Regarding civilian casualties, they've never been considered a "war crime" as long these are collateral damage while attempting to subdue a valid military target, something Southshore has always been. Blighting the place was no better or worse than firebombing Taurajo (yes, the general left a hole to let the civilians escape but mostly because he was an idealistic outlier, his decision was one several of his superiors disagreed with, stating he was "wasting a chance" to get some prisoners).
The "mutually accepted laws" are actual laws approved and handled in our world, by organizations that don't exist in Azeroth. The concept of "war crime" in Warcraft is also considerably vague and not necessarily in par with our own. Just read the War Crimes novel to see what I mean.Acting within the mutually accepted laws of war isn't lawful good blandness. It's not biting your opponent's ear off in a boxing match. It's not going into a village of poor farmers and killing anything "walking, crawling or growing" (My Lai Massacre, for those playing the home game).

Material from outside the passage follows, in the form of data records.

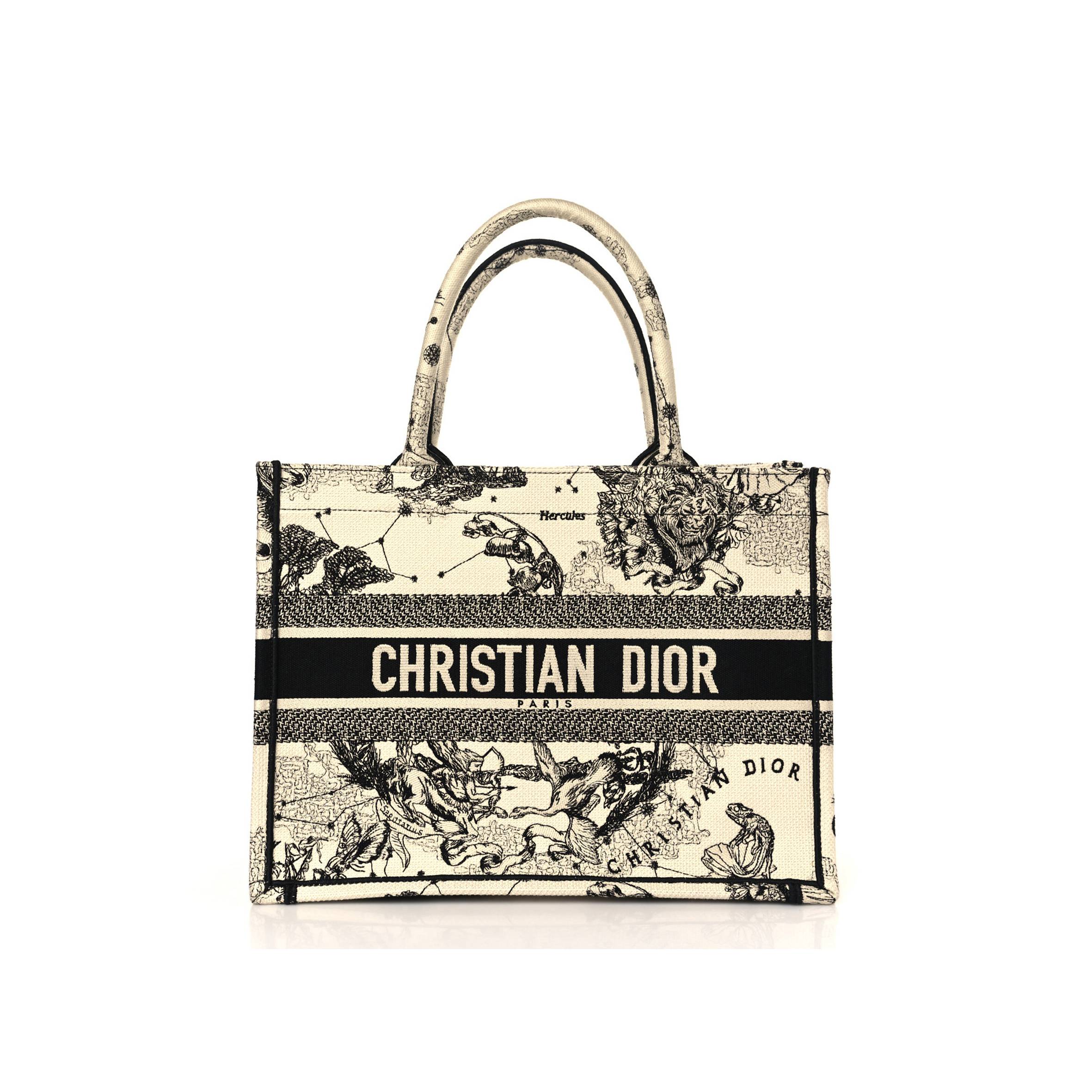 D*or canvas zodiac toile de jouy embroidered medium book latte (36*27*17.1cm)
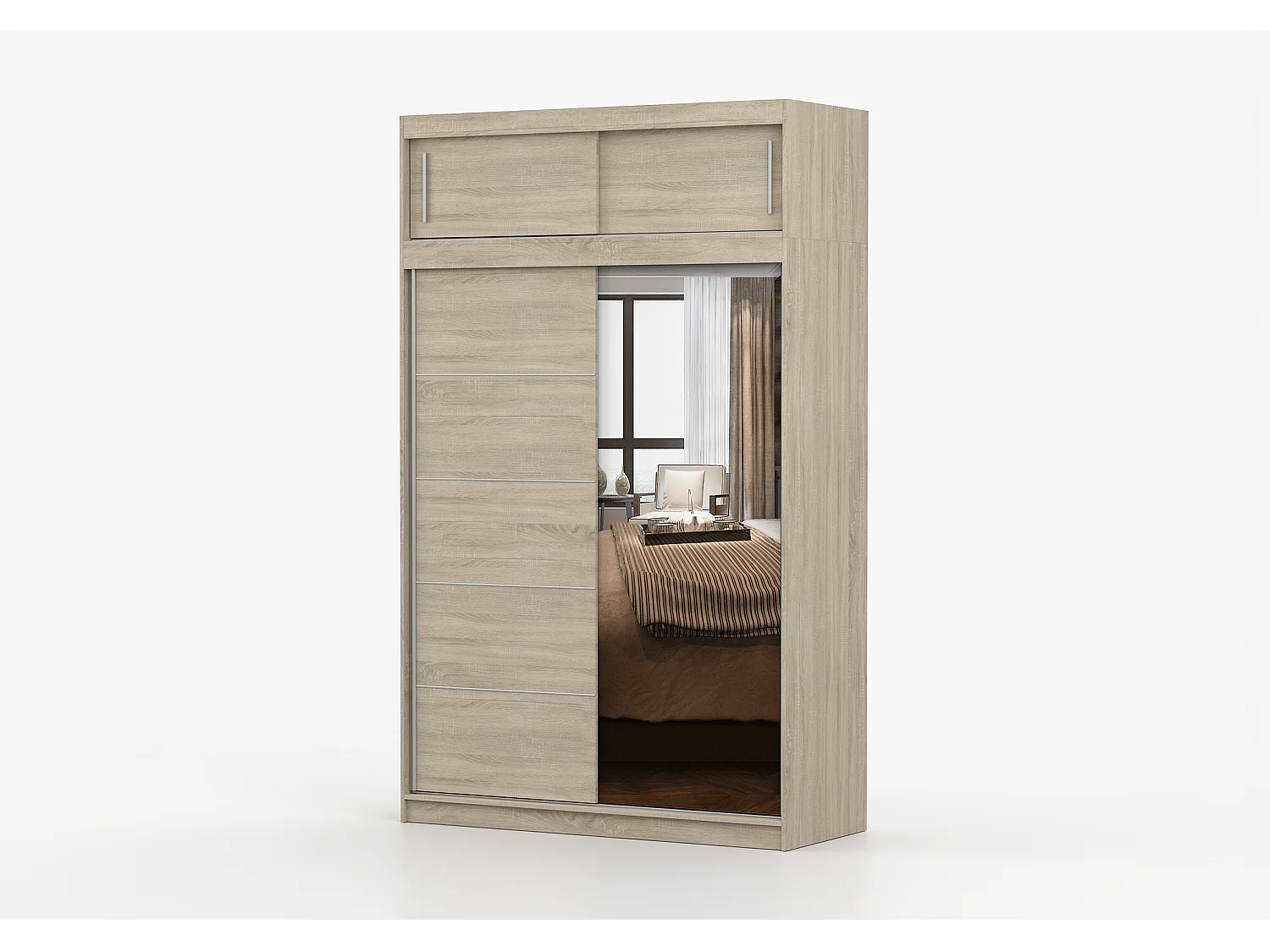 Armoire avec extension Faella 150 cm avec miroir - Chêne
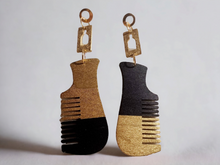 Load image into Gallery viewer, Handpainted Wooden Afro Comb Earrings Kargo Fresh
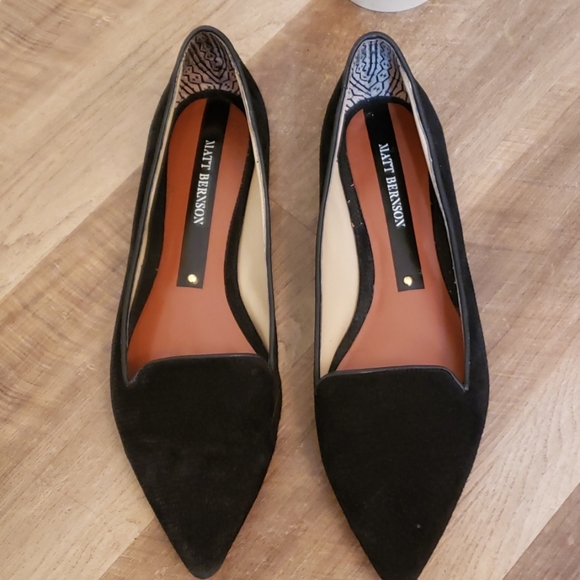 Matt Bernson D’Orsay Point Toe Suede Flats Black Leather Chic - Picture 5 of 7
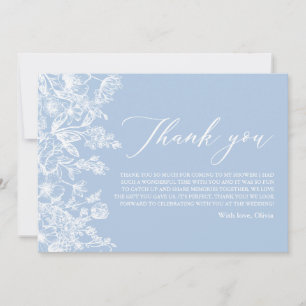 Dusty Blue Wildflower Bridal Shower Thank You Card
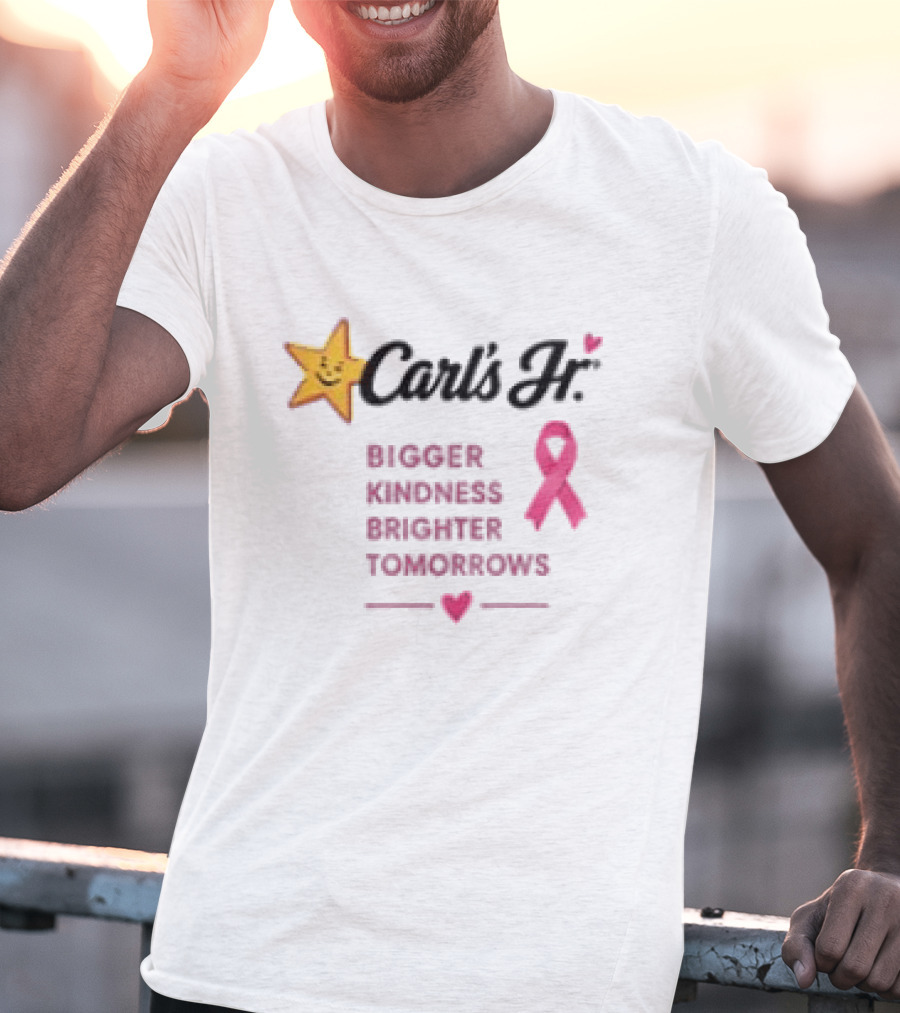 Carl's Jr Bigger Kindness Brighter Tomorrows Pink Ribbon Breast Cancer Awareness T-Shirt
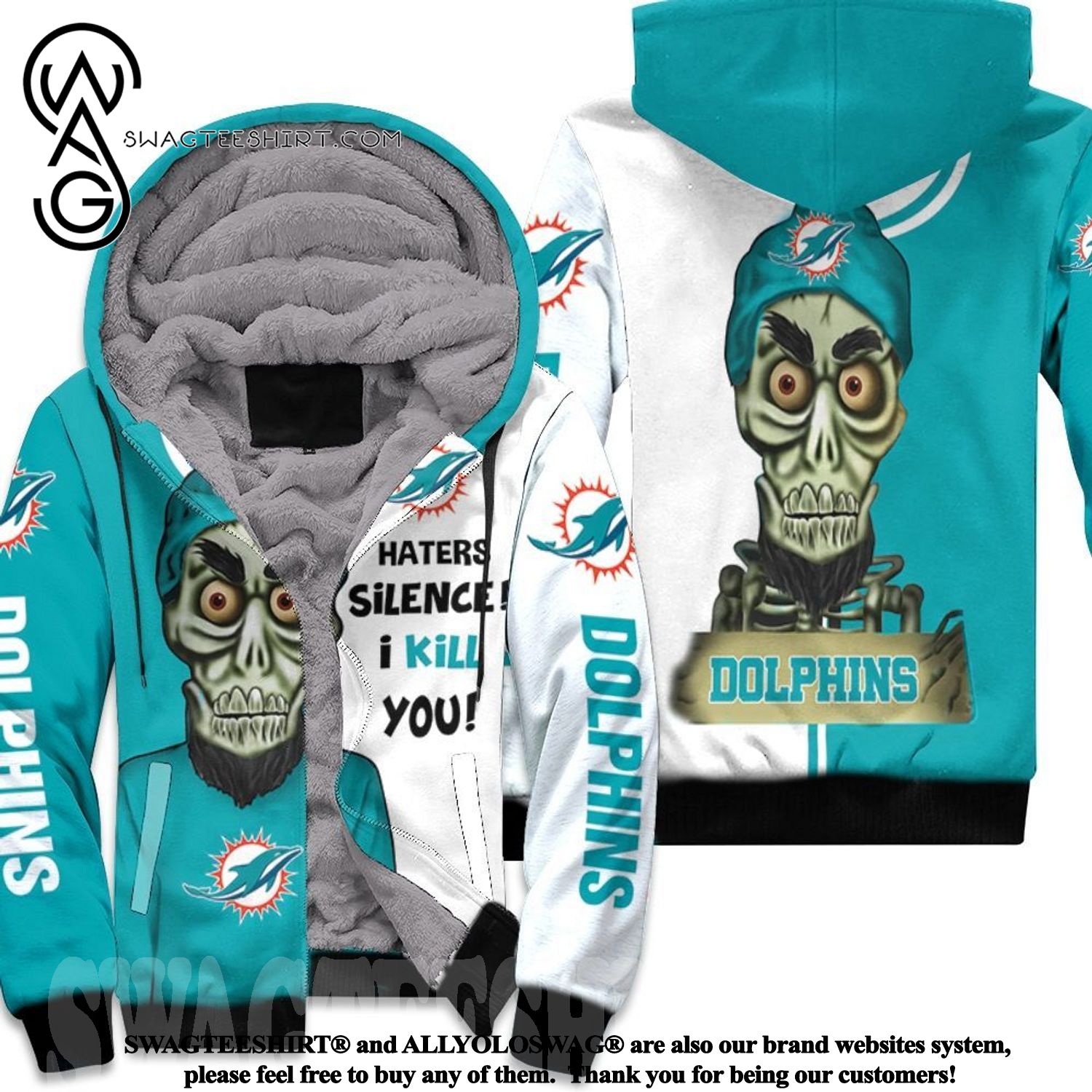 Dolphins Haters I Kill You New Outfit Fleece Hoodie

Because they're acting like adults fortunately. I mean even if you don't agree with your warchief's methods personally it's still better to keep it in the house, even more so since you're in the middle of the world war.
My point was that Saurfang is behaving like none in the Horde would understand his concerns which is simply not true. And Sylvanas is not some unreasonable tyrant, the mere fact that she was willing to even discuss his objections with him proves otherwise.
Last edited by Dagoth Ur; 2018-03-31 at 03:24 PM.
One word that explains it all: Alliance.
When the point you're replying to was a comparison of how things were in WoD to how they are in BfA things outside of WoD and BfA indeed do not count. I'm not sure how that's complicated.
The difference being that Night Elves owed the Horde resources because unilaterally breaking a trade treaty doesn't actually remove your obligations set by said treaty.
How? I dunno, perhaps it was because Theramore's troops were leading the charge in Alliance offensive of Horde-controlled central Kalimdor. Or perhaps because Theramore was the staging ground for reinforcements from EK. One of the two.
Blight is a chemical weapon. And do show the Azerothian treaty forbidding it.
And pray tell, when did the Alliance and the Horde mutually accept a set rules of war?
It didn't mesh with what they told us happened? But that is where they told us what happened. So is your brilliant point that the ask a cdev reply doesn't mesh with itself? Fascinating. And we don't see plenty of things happening in the game. If you have problem with that, Warcraft isn't for you.
Unless you're able to quote me on saying the nature of demons isn't canon, get lost with your petulant straw-man.